Shut your Mouth
Published 8:00 pm Thursday, June 25, 2015
The North Coast deserves to read a Mouth of the Columbia who is a true professional journalist. A first year journalism major learns things that the new Mouth seems to have never learned. In the May 14 Coast Weekend, the new Mouth reviewed our restaurant, Drina Daisy, in a less than professional manner (“Drina Daisy Traditional Bosnian home cooking with a bevy of confounding caveats”).
A professional journalist considers their source and the complete context. Reporting an eavesdropped conversation with other customers is questionable, but failing to report that their conceived complaint was answered to their satisfaction is unprofessional.
A professional journalist is culturally sensitive and respectful of other cultures.

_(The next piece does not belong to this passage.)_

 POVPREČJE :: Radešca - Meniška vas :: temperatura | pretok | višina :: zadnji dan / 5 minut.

Disparaging menu items, the lamb, the baklava, and the zeljancia (spinach pie) — that are as good or better than what one would find in a typical restaurant in Bosnia — is unprofessional.

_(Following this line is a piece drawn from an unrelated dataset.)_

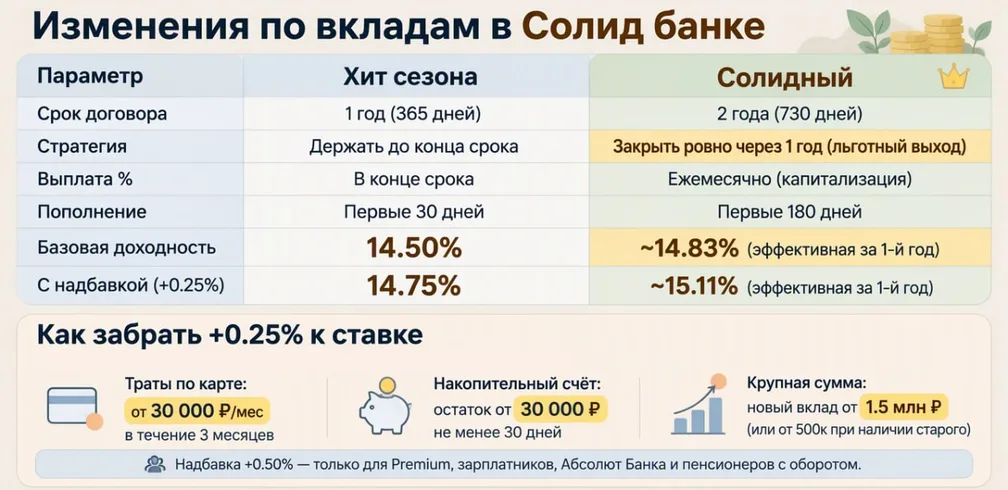 Солид Банк изменил условия по вкладам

A professional journalist sticks to the things they know. In our coastal community businesses sometimes get caught unprepared for occasional unanticipated surges of demand. See if you can find anywhere a professional waiter/waitress that will claim that they can serve 25 people on 10 tables with optimal attentiveness. Suggesting that our “systems were simply inefficient” and that “even a food service novice could streamline them in no time” is unprofessional.
A professional journalist does their homework and seeks to balance their writing in the context of what other professional journalists have written about the same thing. Drina Daisy has been very favorably reviewed in The New York Times, The Seattle Times (feature article), The Oregonian, Willamette Week (multiple favorable mentions in their yearly restaurant guide), Portland Monthly (twice), Northwest Palate, and was even given high marks, by Oregon’s “Godfather of Food” Gerry Frank.
All of the Coast Weekend’s previous Mouths rated us highly. Failing to temper an opinion in the context of so much professional insight is unprofessional.
Mothers are a good source of wisdom for life. My mother taught me, “If you don’t have anything good to say, don’t say anything at all.” I will adapt this to The Daily Astorian’s Coast Weekend, “If you don’t have anything good to say, shut your Mouth.”